● Task details:
Within the entries below, please retype exactly the lines starting with the line that has "BMW 528 2014, 192,000 km - 2.0 l - Bakı" and going on through the line that has "Tag Medium Citronella", but not the pictures.

+++ Information shown

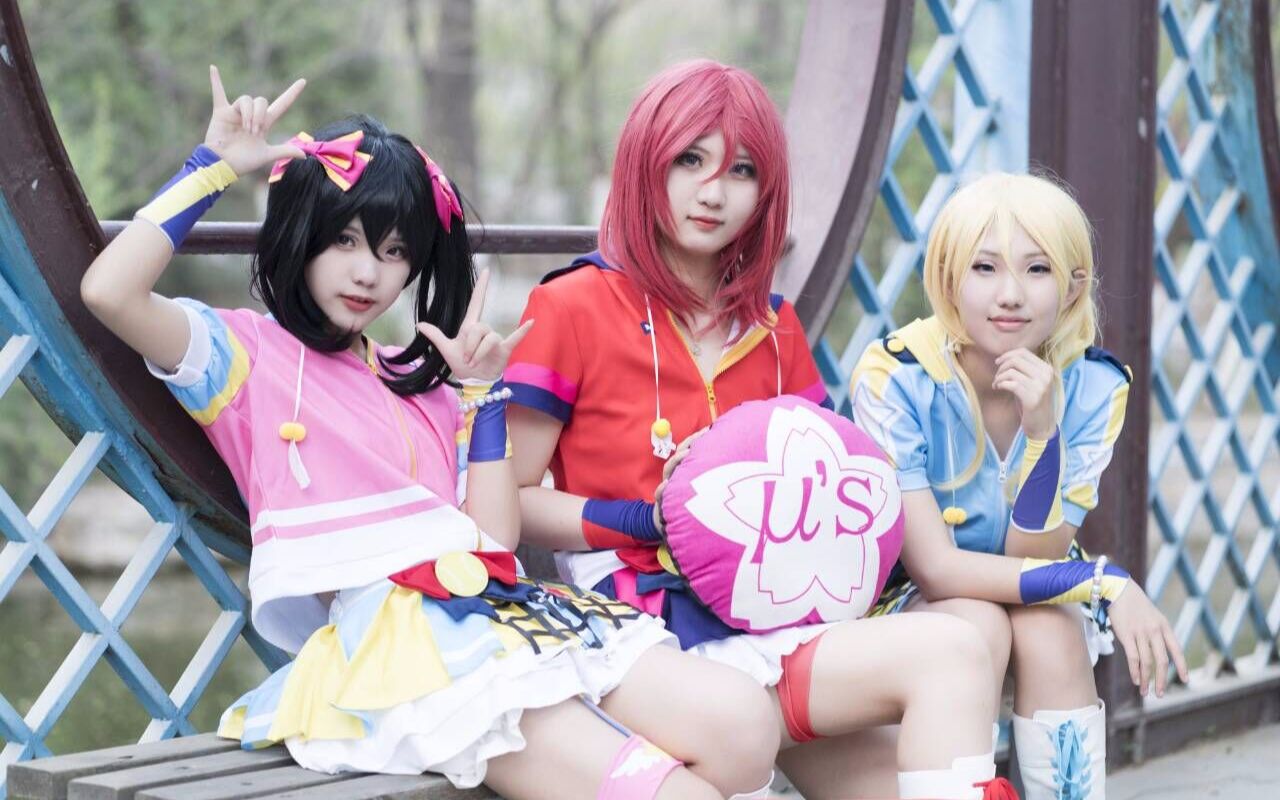 【慕槿宅舞团】love novels ラブノベルス bibi组第一作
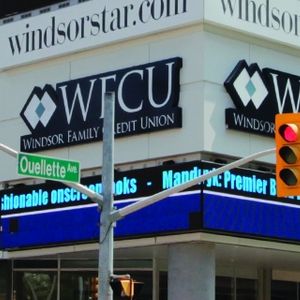 WFCU Credit Union - Logo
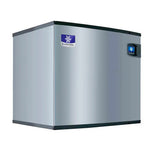Manitowoc IYF1800C 1660 lb/Day Half Cube Commercial Modular Ice Machine & Ice Maker Head, Remote Cooled, Indigo NXT QuietQube, 115V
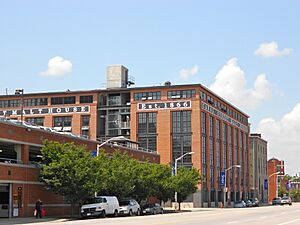 Central Ave HD Baltimore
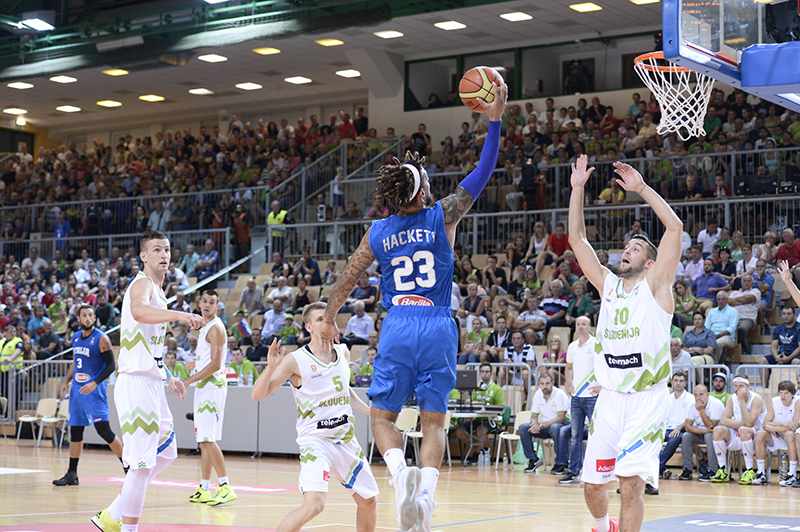 EuroBasket 2015: comincia l’avventura Azzurra a Berlino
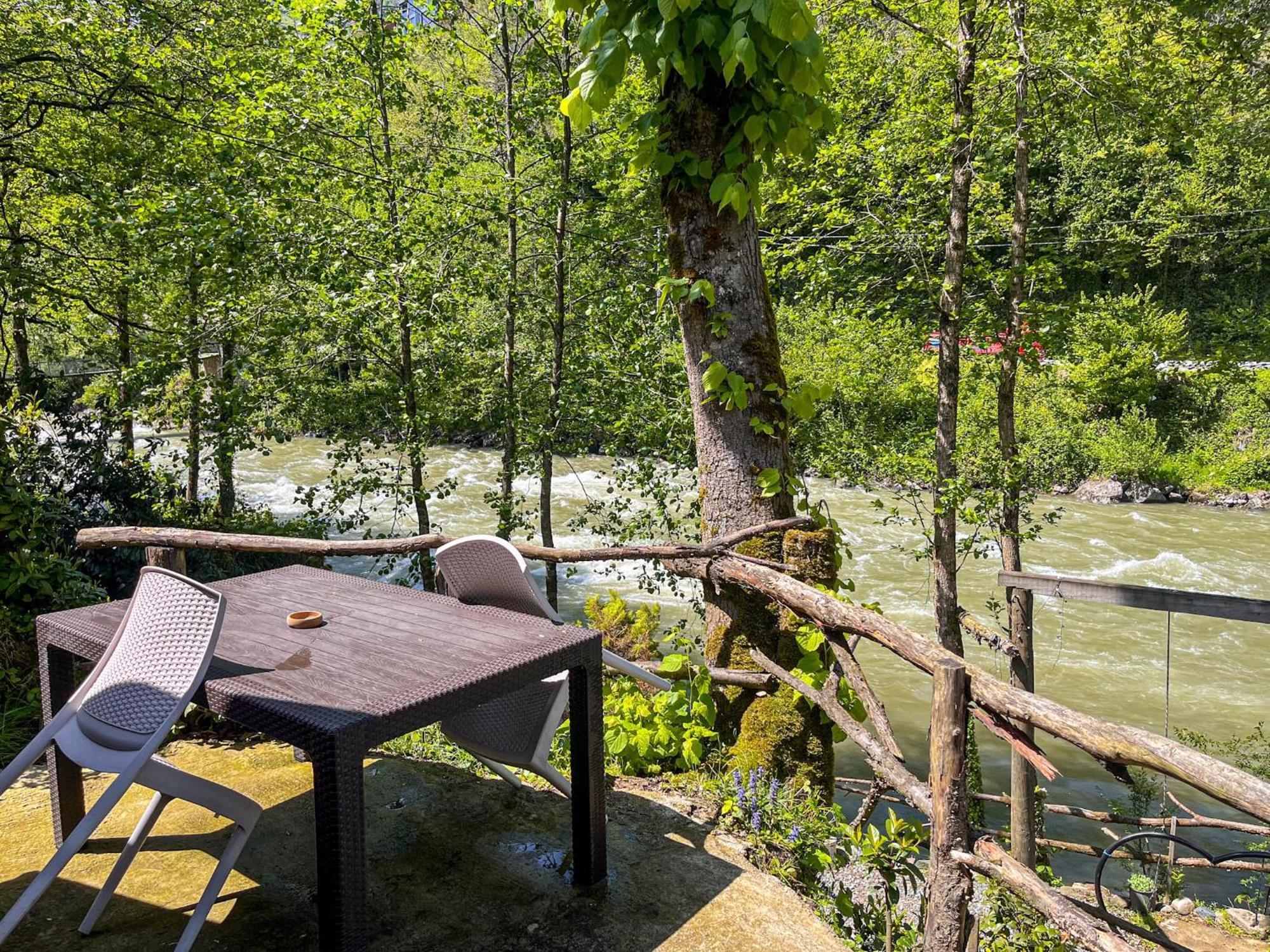 Yaşam Bungalows Otel Çamlıhemşin Dış mekan fotoğraf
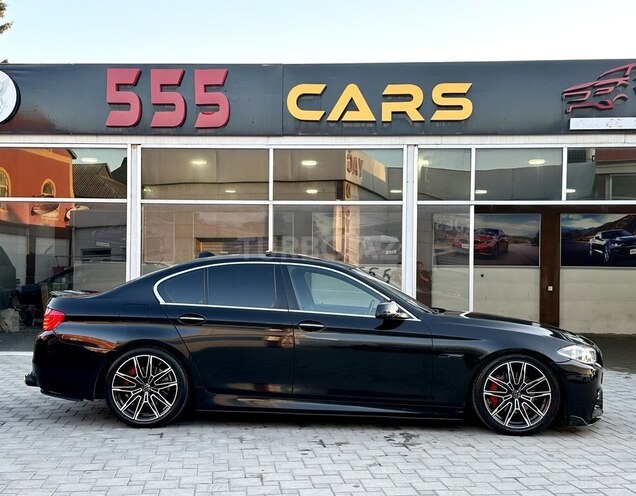 BMW 528 2014, 192,000 km - 2.0 l - Bakı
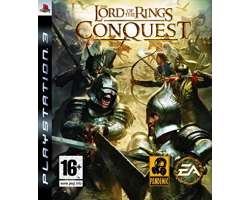 Lord of the Rings Conquest (bazar, PS3) - 399 K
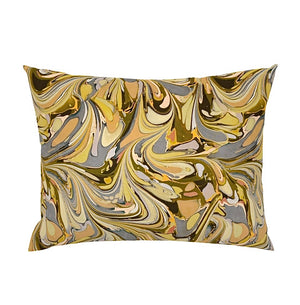 Marigold Mambo Pillow Sham MADE TO ORDER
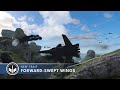 Su 47 BERKUT Enters Combat In Metalstorm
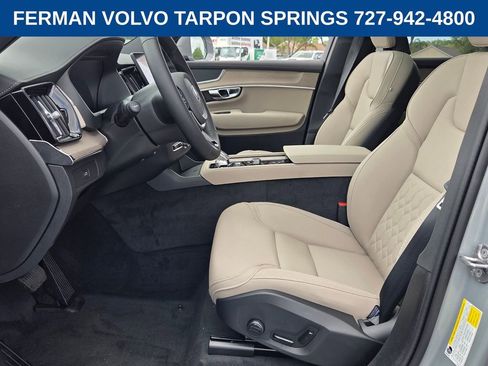 New 2026 Volvo XC90 B6 Plus w/ Protection Package Premier AWD/4WD image 12
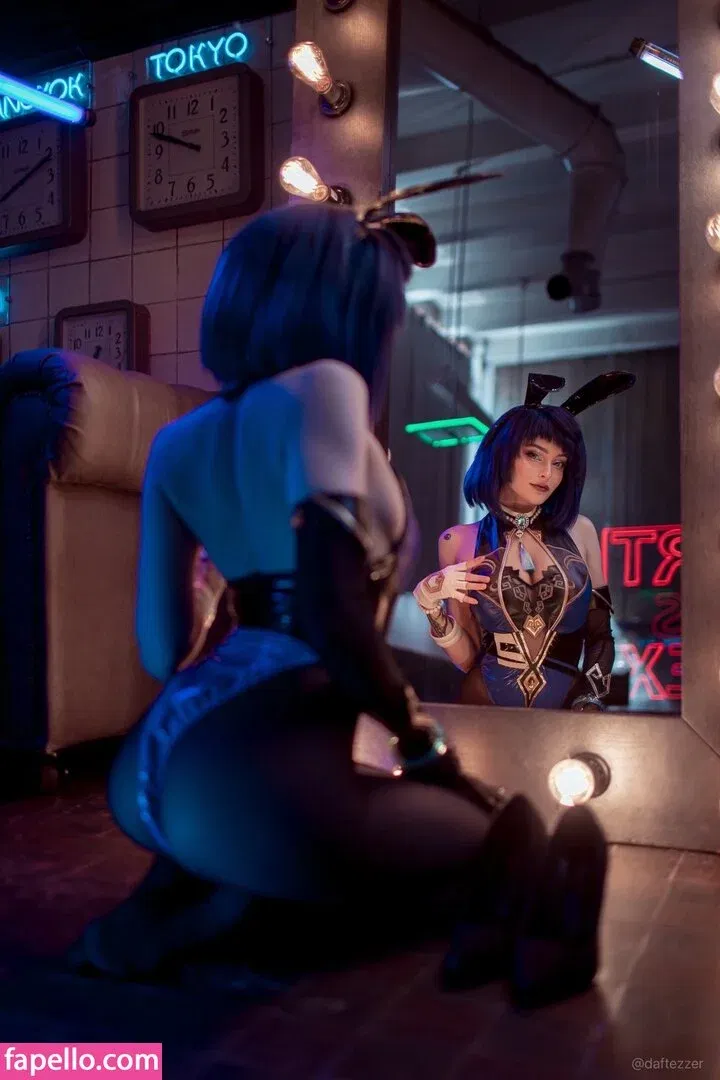 Cosniks Cosplay Onlyfans Photo Gallery 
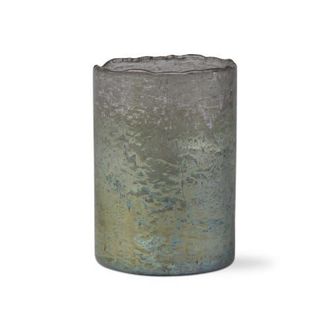 Tag Medium Citronella Organic Ocean Scented Glass Candle in Green at Nordstrom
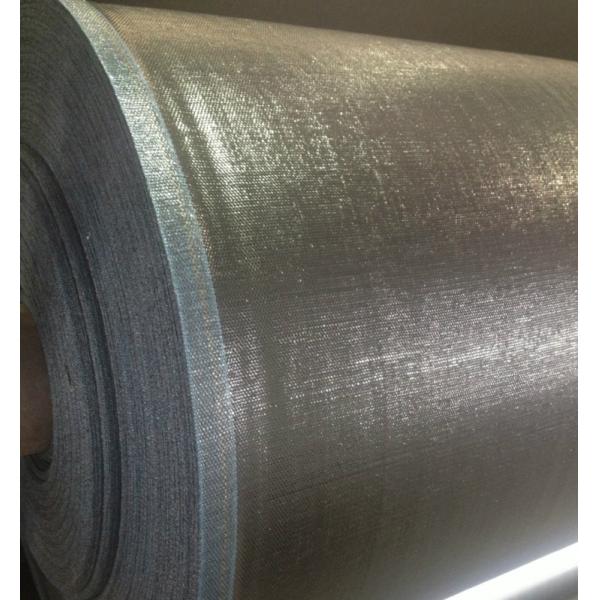 Geotextile цвета черноты/зеленого цвета/Tan/серого цвета сплетенный PP для ковра основного и затыловки секунды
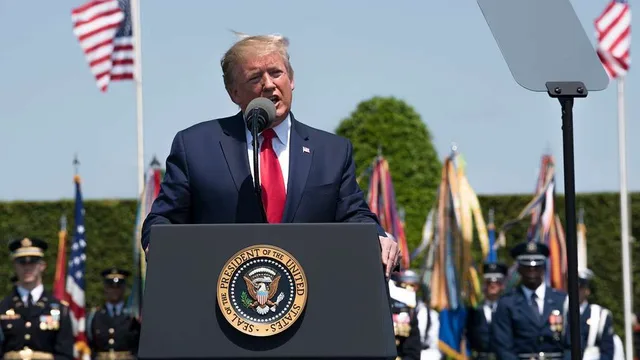 США окончательно снимают налоговые претензии с Дональда Трампа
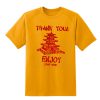 Thank You Enjoy Come Again Pagoda T-Shirt (Oztmu)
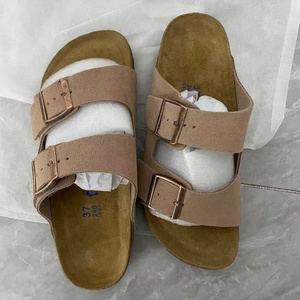Mocasines <span class=keywords><strong>Arizona</strong></span> de Punta Redonda Sin Cordones para Hombre y <span class=keywords><strong>Mujer</strong></span>, Directo de Fábrica, para Verano - Product Image 2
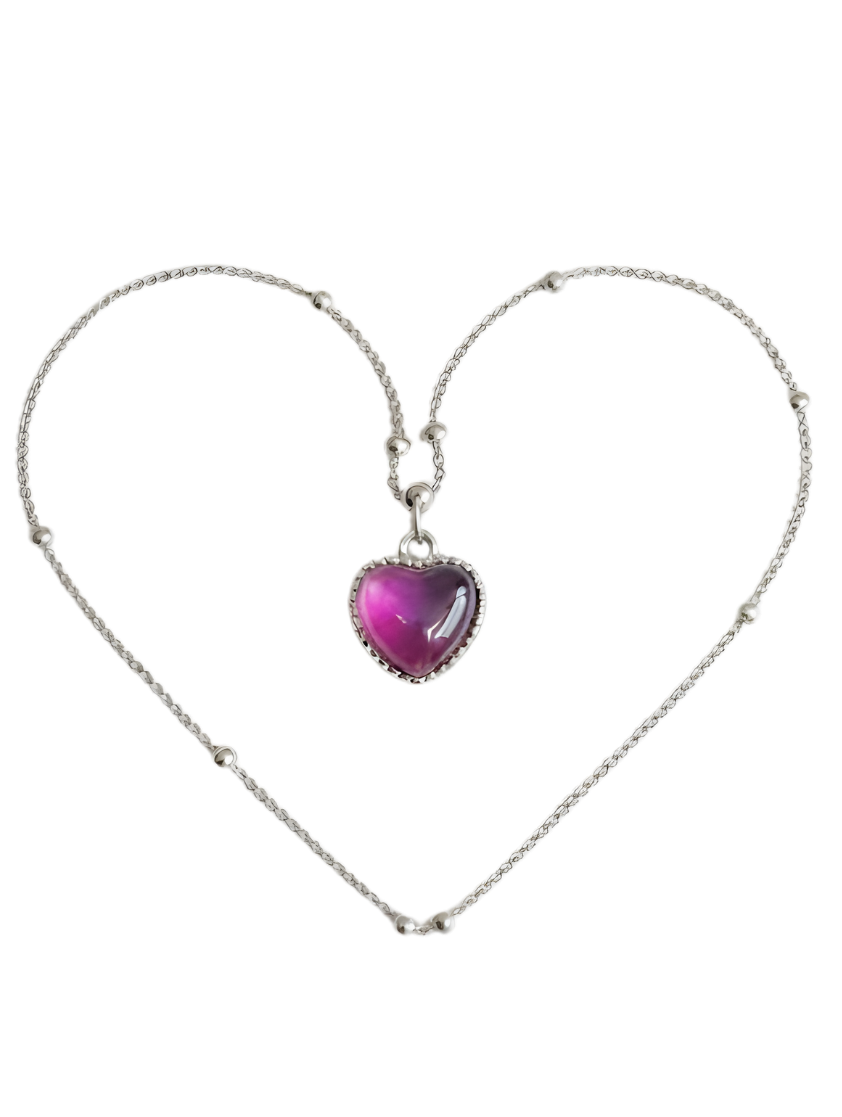 Collar Aura de Sentimientos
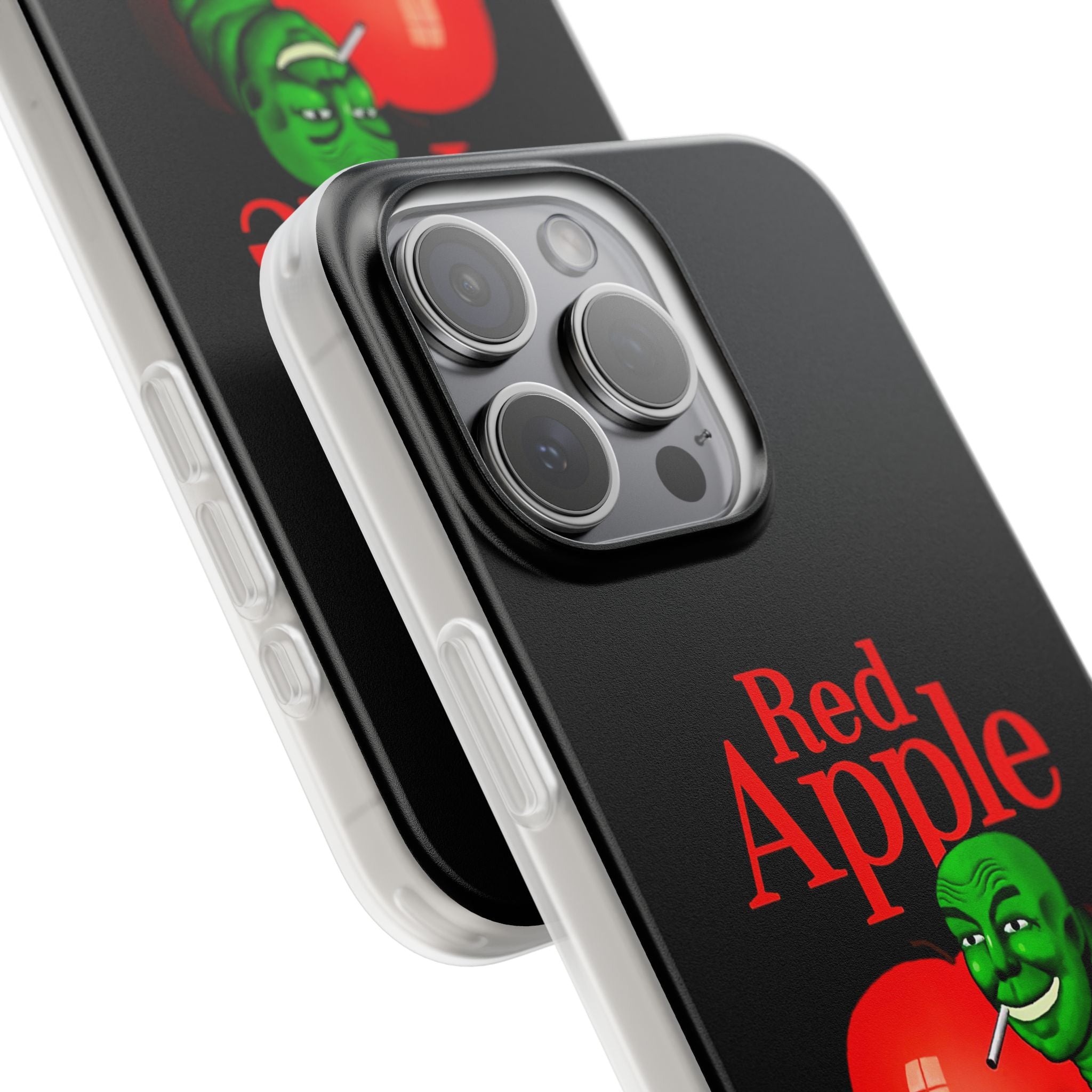 Red Apple - Phone Case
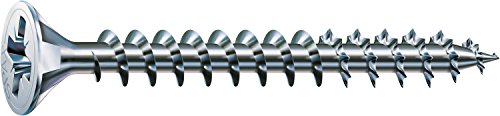 Spax Wkręty uniwersalne z główką stożkową Pz 4x12mm op. 1000szt. 1081010400125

++++++

● Reply to the exercise:
 BMW 528 2014, 192,000 km - 2.0 l - Bakı
 Lord of the Rings Conquest (bazar, PS3) - 399 K
 Marigold Mambo Pillow Sham MADE TO ORDER
 Su 47 BERKUT Enters Combat In Metalstorm
 New 2026 Volvo XC90 B6 Plus w/ Protection Package Premier AWD/4WD image 12
 Cosniks Cosplay Onlyfans Photo Gallery 
 Tag Medium Citronella Organic Ocean Scented Glass Candle in Green at Nordstrom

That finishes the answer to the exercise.